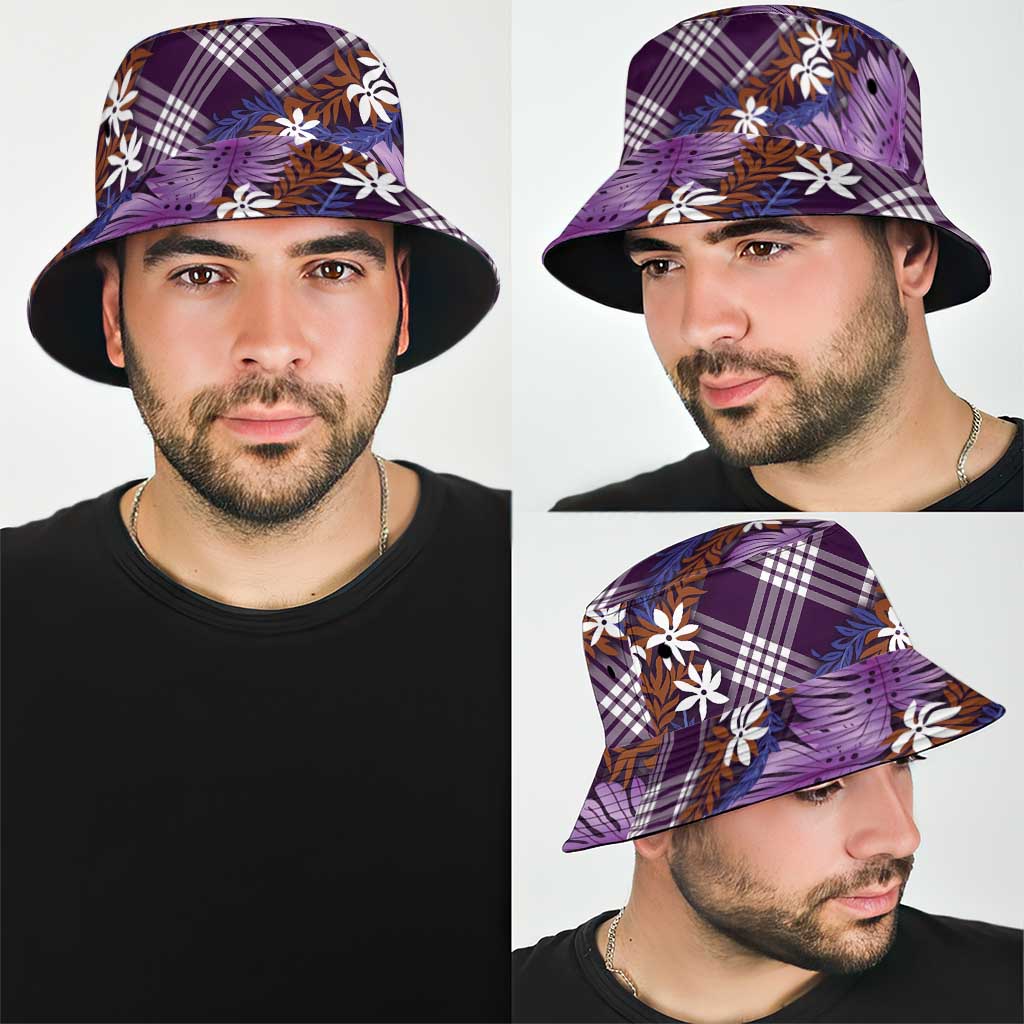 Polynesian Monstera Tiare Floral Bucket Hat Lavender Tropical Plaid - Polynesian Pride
________________________________________
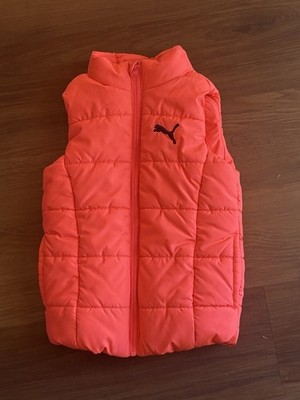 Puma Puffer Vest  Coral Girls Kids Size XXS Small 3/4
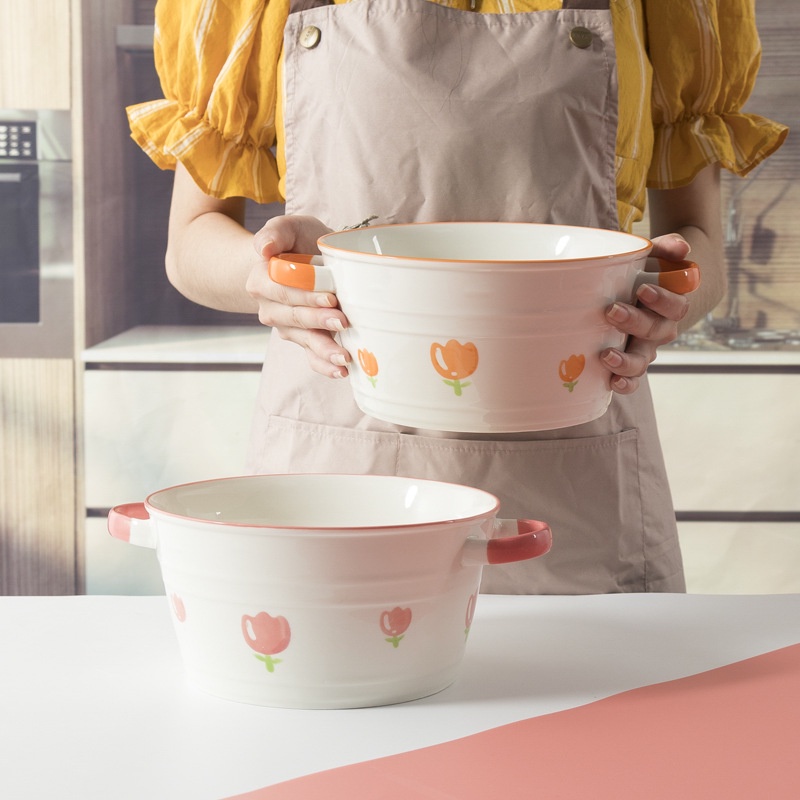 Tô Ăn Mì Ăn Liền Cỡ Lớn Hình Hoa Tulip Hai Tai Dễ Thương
________________________________________
#### Description of the task:
Quote word for word only the lines above from the one containing "Puma Puffer Vest" through the one containing "Tô Ăn Mì Ăn". Pictures stay out of your copy.

#### Result for this exercise:
 Puma Puffer Vest  Coral Girls Kids Size XXS Small 3/4
 Tô Ăn Mì Ăn Liền Cỡ Lớn Hình Hoa Tulip Hai Tai Dễ Thương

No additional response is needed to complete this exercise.